Trading Nation

Wingstop flies on IPO—latest sign of fast food bubble?

Trading Nation: Flavor of the week in food stocks
VIDEO3:1303:13
Trading Nation: Flavor of the week in food stocks

Shares of chicken wing purveyor Wingstop jumped 61 percent in their Friday debut, making the fast food company just the latest restaurant name to surge since unveiling shares. And that has led to the observation that the fast food space may currently be marked by a good deal of momentum-driven sentiment.

"I think you have to be very careful about the 'food of the month club,' not because they're bad businesses, but just because the way these things trade, they tend to have a lot of froth in momentum and then the investing aperture goes somewhere else," said Zachary Karabell, global head of strategy at Envestnet.

Other recent restaurant offerings include Shake Shack (up some 250 percent from its May IPO) and Papa Murphy's (up almost 80 percent from its May 2014 offering). Of course, the grandaddy of trendy fast food stocks is Chipotle, which is trading at almost than 14 times the price at which it was initially offered in 2006, on the back of massive earnings growth.

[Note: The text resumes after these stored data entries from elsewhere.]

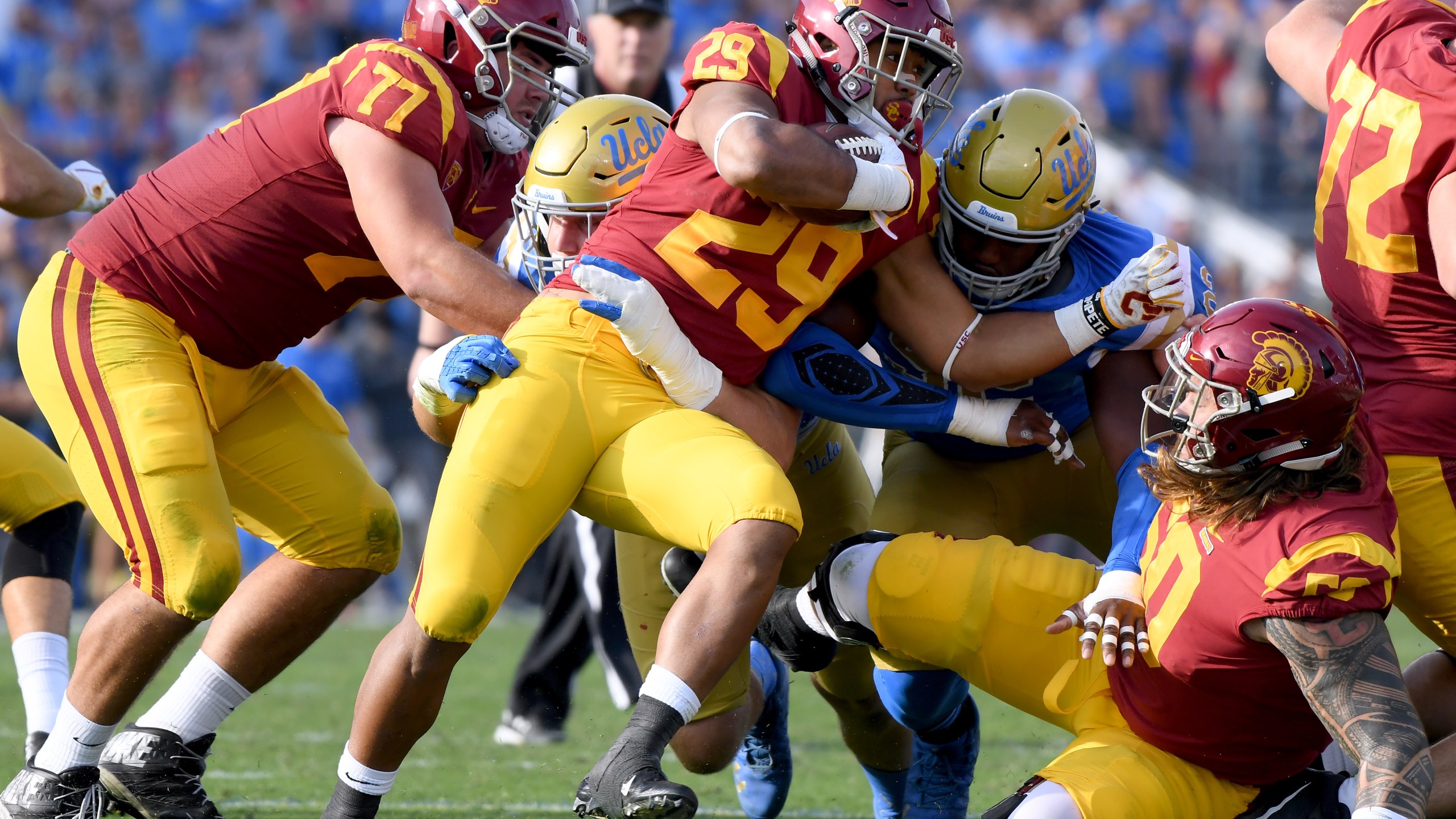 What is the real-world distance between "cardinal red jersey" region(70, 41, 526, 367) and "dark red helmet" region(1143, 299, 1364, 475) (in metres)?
1.79

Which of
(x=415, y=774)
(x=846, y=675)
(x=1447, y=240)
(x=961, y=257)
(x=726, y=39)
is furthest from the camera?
(x=415, y=774)

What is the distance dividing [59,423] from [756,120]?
6.01ft

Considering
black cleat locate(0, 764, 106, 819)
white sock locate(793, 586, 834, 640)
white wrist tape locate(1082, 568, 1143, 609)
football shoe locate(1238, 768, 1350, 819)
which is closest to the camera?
football shoe locate(1238, 768, 1350, 819)

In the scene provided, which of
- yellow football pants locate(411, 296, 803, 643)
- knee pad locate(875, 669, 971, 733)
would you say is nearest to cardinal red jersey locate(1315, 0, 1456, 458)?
knee pad locate(875, 669, 971, 733)

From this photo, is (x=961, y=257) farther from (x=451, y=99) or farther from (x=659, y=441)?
(x=451, y=99)

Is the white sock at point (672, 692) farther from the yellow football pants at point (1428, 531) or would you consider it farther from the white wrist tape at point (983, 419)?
the yellow football pants at point (1428, 531)

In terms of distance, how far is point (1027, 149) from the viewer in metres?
3.52

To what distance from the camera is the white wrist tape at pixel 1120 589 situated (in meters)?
3.11

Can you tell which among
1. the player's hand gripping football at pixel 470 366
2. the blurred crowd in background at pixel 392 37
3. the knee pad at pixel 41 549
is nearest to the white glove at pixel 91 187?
the knee pad at pixel 41 549

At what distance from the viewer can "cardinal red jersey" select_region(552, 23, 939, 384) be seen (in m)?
3.29

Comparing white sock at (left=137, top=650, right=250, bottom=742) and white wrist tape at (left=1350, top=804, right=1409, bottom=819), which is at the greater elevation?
white wrist tape at (left=1350, top=804, right=1409, bottom=819)

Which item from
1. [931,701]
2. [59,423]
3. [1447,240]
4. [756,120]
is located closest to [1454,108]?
[1447,240]

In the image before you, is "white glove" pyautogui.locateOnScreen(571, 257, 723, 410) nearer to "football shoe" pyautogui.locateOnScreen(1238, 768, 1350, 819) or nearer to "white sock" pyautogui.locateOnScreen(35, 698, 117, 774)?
"football shoe" pyautogui.locateOnScreen(1238, 768, 1350, 819)

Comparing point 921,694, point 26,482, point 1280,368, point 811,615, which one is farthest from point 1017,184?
point 26,482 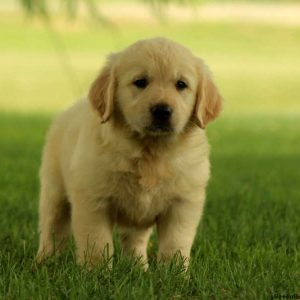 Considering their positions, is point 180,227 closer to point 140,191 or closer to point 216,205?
point 140,191

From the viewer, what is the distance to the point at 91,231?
467 centimetres

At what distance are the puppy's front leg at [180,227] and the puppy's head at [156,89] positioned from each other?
42 cm

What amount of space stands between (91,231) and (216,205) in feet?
9.25

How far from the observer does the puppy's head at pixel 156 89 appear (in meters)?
4.57

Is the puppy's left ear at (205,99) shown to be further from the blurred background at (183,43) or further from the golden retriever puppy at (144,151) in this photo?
the blurred background at (183,43)

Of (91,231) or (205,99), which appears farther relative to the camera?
(205,99)

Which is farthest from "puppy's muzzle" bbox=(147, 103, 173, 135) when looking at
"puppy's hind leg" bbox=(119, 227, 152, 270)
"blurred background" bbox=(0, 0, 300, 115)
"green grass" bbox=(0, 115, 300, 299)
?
"blurred background" bbox=(0, 0, 300, 115)

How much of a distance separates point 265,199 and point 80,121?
2877mm

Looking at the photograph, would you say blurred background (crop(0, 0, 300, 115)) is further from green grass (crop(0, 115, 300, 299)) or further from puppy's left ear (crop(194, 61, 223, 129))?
puppy's left ear (crop(194, 61, 223, 129))

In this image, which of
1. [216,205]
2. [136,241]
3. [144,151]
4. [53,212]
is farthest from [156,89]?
[216,205]

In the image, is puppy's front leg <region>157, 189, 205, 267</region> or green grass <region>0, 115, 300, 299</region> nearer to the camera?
green grass <region>0, 115, 300, 299</region>

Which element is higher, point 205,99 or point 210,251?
point 205,99

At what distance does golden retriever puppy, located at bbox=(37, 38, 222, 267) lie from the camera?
463cm

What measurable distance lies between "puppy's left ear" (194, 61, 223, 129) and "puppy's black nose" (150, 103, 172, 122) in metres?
0.36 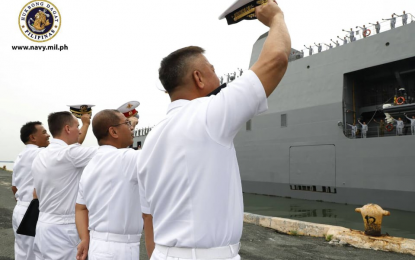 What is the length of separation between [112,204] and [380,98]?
15.2 m

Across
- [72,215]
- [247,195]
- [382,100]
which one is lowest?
[247,195]

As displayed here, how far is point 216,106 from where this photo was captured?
1157 mm

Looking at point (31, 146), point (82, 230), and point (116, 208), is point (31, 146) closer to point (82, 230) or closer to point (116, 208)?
point (82, 230)

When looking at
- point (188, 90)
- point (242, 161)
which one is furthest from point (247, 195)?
point (188, 90)

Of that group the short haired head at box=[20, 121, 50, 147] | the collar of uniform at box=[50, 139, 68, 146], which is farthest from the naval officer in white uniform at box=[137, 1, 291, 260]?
the short haired head at box=[20, 121, 50, 147]

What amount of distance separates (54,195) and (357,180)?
39.6ft

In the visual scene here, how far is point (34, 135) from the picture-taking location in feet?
14.3

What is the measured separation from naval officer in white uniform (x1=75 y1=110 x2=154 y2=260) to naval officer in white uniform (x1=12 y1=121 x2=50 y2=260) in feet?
6.83

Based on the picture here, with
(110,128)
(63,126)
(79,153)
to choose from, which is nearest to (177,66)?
(110,128)

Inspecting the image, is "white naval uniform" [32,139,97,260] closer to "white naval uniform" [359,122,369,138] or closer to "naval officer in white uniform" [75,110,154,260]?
"naval officer in white uniform" [75,110,154,260]

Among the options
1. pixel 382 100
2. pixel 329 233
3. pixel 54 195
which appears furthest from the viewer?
pixel 382 100

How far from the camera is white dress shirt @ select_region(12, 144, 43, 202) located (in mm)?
4164

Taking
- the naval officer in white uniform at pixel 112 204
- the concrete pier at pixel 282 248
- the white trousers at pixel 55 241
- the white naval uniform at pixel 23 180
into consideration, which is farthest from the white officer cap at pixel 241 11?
the concrete pier at pixel 282 248

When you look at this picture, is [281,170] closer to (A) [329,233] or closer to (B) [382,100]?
(B) [382,100] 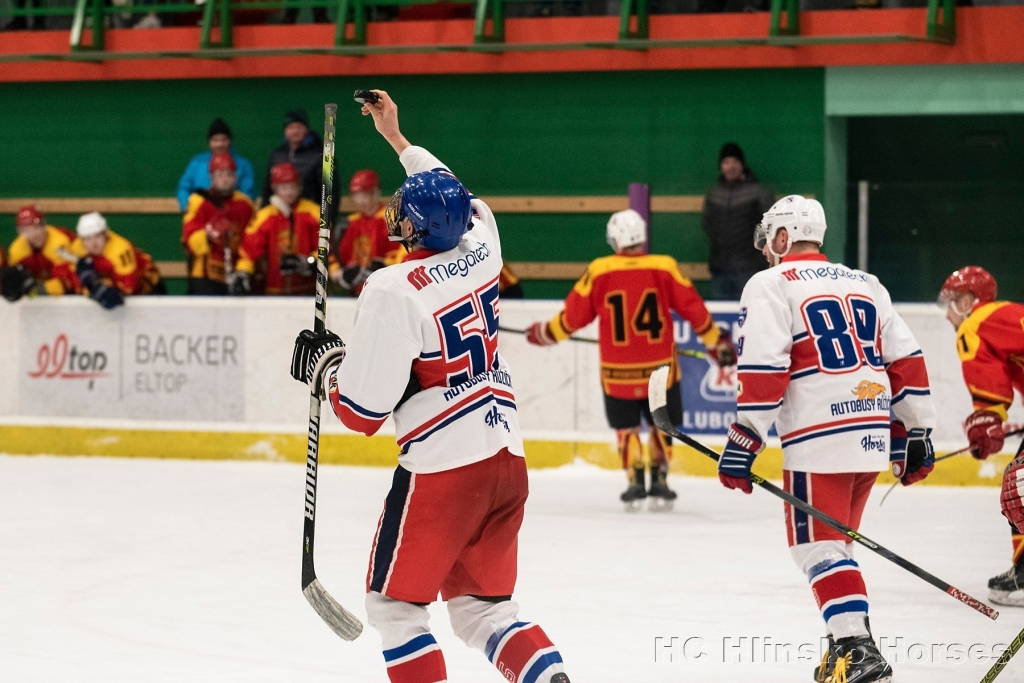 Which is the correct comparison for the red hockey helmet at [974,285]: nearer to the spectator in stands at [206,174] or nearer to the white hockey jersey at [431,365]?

Read MoreThe love affair with restaurant stocks continues

Whether Wingstop will be able to do the same remains an open question. The company now sports a market cap of almost $900 million, despite reporting just $9 million in net income for fiscal 2014. That means it's sporting a valuation triple that of winged competitor Buffalo Wild Wings, despite the fact that Buffalo has expanded earnings by 20 percent year over year (on a Q1 2015 versus Q1 2014 basis) while Wingstop increased revenue by just 14 percent (in 2014 compared to 2013).

That said, Wingstop does note in its hashtag-bedeviled prospectus that it has an "unfair advantage" over its competitors: "It's flavor that defines us. It inspires our fans and fuels their crave."

Of course, for short-term traders, the fundamentals don't really matter, as long as the market's own "crave" for these hot issues doesn't subside.

"From a trading perspective, I'm going to put simple 10-day moving averages and 50-day moving averages underneath these names and I'm going to continue to play these things to the long side until I see some sort of trend break," Craig Johnson, technical analyst at Piper Jaffray, said Friday on CNBC's "Power Lunch." "Until then, I'm going to let it ride."

Midmorning Monday, Wingstop shares were down nearly 4.4 percent from Friday's closing price.